(Data items)
::::::::
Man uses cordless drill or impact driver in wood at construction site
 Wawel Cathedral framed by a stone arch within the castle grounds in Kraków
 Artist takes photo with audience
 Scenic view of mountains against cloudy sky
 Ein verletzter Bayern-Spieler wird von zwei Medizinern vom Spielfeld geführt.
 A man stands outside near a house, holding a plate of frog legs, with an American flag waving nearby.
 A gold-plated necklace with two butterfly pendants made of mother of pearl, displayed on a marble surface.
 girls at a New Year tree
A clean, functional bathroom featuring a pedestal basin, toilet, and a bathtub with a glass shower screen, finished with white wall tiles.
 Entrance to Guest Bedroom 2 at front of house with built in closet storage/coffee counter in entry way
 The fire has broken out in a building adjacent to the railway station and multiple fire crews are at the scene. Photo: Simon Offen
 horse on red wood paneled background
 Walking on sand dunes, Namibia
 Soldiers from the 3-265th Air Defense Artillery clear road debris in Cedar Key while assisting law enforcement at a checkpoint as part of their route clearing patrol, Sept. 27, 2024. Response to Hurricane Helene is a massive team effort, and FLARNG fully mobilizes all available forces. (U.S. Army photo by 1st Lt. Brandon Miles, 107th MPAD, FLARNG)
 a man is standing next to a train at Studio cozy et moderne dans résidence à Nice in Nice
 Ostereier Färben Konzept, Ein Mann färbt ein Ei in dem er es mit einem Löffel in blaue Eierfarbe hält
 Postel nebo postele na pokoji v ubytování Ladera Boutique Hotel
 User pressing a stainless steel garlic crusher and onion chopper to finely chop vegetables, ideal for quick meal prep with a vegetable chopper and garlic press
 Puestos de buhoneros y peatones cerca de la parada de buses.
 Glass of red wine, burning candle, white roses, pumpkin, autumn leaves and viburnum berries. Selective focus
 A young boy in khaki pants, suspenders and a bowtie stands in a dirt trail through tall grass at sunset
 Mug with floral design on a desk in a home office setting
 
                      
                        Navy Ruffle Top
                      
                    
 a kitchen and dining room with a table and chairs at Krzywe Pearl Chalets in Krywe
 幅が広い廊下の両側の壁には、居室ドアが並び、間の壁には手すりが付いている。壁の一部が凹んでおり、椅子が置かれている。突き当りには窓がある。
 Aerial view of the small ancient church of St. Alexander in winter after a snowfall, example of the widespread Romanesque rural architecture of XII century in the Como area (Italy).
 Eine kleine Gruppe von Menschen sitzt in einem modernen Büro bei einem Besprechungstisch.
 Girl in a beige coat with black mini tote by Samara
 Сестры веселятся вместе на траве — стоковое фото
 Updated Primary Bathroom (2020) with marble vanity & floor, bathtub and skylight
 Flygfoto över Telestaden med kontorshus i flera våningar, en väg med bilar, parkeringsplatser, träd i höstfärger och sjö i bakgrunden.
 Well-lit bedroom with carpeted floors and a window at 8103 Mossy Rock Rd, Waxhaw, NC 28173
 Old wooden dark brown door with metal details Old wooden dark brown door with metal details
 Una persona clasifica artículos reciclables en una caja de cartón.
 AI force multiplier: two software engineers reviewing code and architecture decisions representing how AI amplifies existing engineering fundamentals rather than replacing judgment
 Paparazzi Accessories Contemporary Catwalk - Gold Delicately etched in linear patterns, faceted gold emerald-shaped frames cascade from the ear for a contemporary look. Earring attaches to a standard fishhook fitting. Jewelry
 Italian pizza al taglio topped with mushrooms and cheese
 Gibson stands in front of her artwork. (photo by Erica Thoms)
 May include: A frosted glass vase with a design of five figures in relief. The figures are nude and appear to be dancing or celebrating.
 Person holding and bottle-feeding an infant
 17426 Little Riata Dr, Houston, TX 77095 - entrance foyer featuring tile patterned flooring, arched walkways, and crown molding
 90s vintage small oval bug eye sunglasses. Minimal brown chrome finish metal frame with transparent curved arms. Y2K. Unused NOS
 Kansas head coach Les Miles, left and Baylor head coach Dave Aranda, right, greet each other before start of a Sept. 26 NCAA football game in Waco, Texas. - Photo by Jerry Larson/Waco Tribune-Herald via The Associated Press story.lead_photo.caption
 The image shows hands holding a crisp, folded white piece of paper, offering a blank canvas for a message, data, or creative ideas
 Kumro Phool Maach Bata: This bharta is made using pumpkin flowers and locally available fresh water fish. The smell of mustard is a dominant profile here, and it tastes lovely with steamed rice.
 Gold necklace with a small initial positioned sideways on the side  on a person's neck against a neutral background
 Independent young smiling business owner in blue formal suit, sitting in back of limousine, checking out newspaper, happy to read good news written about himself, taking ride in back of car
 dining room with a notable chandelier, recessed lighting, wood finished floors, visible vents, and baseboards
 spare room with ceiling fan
::::::::
The answer should be exactly the lines from the one that contains "Independent young smiling" through the end of the entries, both ends included, and nothing besides.

 Independent young smiling business owner in blue formal suit, sitting in back of limousine, checking out newspaper, happy to read good news written about himself, taking ride in back of car
 dining room with a notable chandelier, recessed lighting, wood finished floors, visible vents, and baseboards
 spare room with ceiling fan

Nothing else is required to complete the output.